RECORDS PROVIDED below:

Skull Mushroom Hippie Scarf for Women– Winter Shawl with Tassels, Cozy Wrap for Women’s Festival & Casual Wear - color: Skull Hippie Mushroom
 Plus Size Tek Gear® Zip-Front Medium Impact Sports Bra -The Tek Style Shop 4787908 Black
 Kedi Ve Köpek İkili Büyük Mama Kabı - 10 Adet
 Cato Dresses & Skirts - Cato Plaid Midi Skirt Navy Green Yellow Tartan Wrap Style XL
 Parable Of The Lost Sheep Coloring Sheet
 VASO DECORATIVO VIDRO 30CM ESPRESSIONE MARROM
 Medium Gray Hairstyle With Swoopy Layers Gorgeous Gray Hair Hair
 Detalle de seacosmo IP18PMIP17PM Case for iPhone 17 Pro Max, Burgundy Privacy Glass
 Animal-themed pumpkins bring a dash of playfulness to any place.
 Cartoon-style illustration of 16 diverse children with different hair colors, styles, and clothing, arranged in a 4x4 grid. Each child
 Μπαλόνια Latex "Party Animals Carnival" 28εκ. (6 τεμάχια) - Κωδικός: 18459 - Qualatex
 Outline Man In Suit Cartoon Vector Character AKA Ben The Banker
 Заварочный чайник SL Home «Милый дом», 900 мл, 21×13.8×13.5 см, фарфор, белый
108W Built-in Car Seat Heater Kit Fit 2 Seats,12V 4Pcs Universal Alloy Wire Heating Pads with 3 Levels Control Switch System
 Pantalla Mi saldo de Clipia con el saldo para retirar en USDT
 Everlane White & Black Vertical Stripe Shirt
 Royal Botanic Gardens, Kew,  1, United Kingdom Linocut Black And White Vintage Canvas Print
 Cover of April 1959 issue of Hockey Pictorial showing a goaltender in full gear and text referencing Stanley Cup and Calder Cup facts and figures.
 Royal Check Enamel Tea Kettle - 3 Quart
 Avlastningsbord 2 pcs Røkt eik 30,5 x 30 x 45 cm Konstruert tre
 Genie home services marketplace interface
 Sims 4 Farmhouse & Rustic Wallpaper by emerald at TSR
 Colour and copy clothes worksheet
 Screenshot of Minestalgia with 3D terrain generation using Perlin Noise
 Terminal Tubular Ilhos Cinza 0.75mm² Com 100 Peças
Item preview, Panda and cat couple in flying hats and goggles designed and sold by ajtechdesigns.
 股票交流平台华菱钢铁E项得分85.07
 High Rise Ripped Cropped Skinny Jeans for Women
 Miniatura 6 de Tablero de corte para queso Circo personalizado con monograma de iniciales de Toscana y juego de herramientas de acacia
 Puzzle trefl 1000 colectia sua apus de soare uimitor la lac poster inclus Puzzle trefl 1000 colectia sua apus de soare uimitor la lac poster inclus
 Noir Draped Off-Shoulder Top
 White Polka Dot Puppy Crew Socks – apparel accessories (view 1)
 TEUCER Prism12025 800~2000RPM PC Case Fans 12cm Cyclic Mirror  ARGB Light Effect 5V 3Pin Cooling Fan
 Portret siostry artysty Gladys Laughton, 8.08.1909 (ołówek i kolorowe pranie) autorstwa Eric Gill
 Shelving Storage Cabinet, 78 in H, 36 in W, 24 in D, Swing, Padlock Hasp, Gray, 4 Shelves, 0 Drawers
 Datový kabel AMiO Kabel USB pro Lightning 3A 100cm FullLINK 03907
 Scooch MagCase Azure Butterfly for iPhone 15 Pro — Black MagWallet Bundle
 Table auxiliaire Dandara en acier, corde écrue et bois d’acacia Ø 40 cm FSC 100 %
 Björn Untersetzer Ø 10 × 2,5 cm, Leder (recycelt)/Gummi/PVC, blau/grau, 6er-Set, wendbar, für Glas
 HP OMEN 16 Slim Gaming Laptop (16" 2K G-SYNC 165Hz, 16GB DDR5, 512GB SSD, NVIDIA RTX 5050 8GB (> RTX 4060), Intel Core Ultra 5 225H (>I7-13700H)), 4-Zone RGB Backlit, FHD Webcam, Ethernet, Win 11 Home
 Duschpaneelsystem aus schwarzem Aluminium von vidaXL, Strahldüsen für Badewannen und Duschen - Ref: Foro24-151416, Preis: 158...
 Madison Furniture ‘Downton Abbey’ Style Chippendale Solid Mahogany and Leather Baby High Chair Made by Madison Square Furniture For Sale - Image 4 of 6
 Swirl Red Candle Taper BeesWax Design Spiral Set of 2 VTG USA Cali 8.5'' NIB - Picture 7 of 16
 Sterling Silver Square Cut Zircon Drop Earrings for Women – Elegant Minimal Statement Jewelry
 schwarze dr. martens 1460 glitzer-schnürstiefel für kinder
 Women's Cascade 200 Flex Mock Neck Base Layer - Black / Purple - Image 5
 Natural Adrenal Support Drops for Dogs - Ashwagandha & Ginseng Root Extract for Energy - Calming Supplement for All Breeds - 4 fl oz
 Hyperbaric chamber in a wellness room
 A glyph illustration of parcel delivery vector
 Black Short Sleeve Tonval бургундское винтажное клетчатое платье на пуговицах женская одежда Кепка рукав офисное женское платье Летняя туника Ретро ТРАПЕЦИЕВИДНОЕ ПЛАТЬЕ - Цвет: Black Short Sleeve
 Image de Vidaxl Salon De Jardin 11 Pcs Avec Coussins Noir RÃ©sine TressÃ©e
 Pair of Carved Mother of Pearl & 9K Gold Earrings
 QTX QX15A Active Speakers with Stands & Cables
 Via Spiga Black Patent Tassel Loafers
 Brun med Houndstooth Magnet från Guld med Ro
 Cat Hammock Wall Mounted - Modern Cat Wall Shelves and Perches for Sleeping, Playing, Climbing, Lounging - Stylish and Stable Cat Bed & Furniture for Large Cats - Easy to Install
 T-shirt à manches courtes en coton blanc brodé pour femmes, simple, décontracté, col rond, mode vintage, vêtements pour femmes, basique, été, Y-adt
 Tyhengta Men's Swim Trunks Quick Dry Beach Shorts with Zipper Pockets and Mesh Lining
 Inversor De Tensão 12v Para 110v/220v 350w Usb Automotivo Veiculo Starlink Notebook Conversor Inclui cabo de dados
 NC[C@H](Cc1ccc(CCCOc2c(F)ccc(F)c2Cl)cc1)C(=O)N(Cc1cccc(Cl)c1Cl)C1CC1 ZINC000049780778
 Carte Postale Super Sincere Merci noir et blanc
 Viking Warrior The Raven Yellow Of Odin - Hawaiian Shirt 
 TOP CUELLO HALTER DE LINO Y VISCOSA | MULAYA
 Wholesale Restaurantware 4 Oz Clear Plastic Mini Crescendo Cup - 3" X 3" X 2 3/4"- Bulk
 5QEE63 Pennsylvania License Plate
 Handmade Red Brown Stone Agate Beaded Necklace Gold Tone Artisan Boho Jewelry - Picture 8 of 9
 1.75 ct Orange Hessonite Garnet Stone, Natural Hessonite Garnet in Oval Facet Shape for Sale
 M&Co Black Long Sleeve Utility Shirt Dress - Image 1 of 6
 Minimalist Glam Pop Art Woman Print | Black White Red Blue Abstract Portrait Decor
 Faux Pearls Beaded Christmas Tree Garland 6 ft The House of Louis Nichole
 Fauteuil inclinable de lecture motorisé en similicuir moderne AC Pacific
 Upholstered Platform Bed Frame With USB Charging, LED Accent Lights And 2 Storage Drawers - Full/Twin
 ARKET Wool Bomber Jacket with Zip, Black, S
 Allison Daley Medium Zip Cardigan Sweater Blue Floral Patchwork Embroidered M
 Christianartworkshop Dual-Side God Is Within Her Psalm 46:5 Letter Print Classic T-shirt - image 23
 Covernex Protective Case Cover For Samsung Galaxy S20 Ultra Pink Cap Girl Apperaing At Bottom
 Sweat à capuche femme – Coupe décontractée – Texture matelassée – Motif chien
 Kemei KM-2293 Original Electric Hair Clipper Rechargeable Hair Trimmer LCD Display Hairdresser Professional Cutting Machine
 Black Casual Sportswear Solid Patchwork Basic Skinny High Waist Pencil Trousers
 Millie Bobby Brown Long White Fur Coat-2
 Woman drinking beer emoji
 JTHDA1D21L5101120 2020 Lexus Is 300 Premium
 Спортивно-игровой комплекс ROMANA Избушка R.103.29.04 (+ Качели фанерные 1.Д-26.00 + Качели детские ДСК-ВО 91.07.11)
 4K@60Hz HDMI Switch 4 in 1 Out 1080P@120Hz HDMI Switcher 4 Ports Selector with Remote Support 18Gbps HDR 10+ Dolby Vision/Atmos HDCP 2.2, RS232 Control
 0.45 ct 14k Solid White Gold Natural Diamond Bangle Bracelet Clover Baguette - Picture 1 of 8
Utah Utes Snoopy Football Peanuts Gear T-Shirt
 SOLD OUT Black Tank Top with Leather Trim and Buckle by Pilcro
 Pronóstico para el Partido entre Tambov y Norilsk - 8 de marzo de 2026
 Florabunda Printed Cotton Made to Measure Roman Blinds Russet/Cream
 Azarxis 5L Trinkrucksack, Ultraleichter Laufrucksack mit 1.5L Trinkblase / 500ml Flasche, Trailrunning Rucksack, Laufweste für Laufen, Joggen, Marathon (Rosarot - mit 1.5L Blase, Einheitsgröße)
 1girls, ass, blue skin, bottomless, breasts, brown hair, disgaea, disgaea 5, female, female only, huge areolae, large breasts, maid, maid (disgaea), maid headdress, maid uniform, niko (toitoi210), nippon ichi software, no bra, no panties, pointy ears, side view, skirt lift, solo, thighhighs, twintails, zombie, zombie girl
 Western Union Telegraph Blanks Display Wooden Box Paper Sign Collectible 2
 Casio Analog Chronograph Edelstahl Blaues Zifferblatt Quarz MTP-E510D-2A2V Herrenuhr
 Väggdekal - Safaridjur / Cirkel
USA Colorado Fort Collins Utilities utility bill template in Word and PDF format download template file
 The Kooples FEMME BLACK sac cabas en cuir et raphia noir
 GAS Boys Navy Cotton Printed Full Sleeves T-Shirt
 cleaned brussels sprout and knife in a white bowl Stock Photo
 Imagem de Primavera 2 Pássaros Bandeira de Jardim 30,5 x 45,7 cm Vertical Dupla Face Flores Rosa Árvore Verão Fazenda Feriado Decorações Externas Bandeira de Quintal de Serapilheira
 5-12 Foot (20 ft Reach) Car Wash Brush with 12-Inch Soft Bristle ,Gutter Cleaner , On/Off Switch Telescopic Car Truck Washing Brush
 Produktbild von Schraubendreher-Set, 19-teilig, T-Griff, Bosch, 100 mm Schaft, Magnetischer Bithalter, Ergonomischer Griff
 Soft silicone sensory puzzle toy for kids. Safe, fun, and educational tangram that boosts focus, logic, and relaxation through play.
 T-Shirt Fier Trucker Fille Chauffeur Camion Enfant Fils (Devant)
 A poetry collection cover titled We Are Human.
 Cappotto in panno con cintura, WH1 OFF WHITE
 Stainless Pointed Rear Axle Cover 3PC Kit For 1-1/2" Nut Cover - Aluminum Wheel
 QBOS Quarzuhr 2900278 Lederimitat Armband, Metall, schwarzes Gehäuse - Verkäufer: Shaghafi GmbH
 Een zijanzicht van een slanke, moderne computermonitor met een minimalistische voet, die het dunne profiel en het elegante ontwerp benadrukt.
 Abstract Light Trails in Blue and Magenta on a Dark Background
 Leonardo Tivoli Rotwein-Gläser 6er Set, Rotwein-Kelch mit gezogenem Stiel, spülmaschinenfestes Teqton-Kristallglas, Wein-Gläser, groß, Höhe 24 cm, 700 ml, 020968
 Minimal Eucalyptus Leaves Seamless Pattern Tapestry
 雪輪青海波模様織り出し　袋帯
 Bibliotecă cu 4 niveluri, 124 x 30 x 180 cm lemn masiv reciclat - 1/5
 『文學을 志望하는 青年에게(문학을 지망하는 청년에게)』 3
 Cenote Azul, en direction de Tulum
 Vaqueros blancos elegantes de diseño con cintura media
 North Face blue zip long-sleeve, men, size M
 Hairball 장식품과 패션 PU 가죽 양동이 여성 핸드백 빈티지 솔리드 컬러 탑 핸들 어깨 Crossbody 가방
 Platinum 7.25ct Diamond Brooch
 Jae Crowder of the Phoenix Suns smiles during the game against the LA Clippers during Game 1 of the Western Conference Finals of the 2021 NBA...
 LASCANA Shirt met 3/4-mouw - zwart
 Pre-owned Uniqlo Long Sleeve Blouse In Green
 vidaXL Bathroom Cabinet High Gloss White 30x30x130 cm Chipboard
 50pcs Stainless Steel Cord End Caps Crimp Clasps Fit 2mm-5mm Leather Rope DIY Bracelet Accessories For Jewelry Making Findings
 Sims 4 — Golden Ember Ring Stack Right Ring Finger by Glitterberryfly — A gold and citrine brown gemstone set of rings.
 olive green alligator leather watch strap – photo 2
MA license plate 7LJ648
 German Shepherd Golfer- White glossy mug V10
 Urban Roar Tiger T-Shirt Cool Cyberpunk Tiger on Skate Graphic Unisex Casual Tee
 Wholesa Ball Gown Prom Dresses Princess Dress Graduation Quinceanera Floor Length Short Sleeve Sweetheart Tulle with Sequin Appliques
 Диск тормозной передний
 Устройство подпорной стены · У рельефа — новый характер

End of RECORDS PROVIDED.

__THE TASK__
Beginning with the first line of the entries, repeat each line exactly until you have reproduced the one containing "Medium Gray Hairstyle", and add nothing further.

__COMPLETED TASK__
Skull Mushroom Hippie Scarf for Women– Winter Shawl with Tassels, Cozy Wrap for Women’s Festival & Casual Wear - color: Skull Hippie Mushroom
 Plus Size Tek Gear® Zip-Front Medium Impact Sports Bra -The Tek Style Shop 4787908 Black
 Kedi Ve Köpek İkili Büyük Mama Kabı - 10 Adet
 Cato Dresses & Skirts - Cato Plaid Midi Skirt Navy Green Yellow Tartan Wrap Style XL
 Parable Of The Lost Sheep Coloring Sheet
 VASO DECORATIVO VIDRO 30CM ESPRESSIONE MARROM
 Medium Gray Hairstyle With Swoopy Layers Gorgeous Gray Hair Hair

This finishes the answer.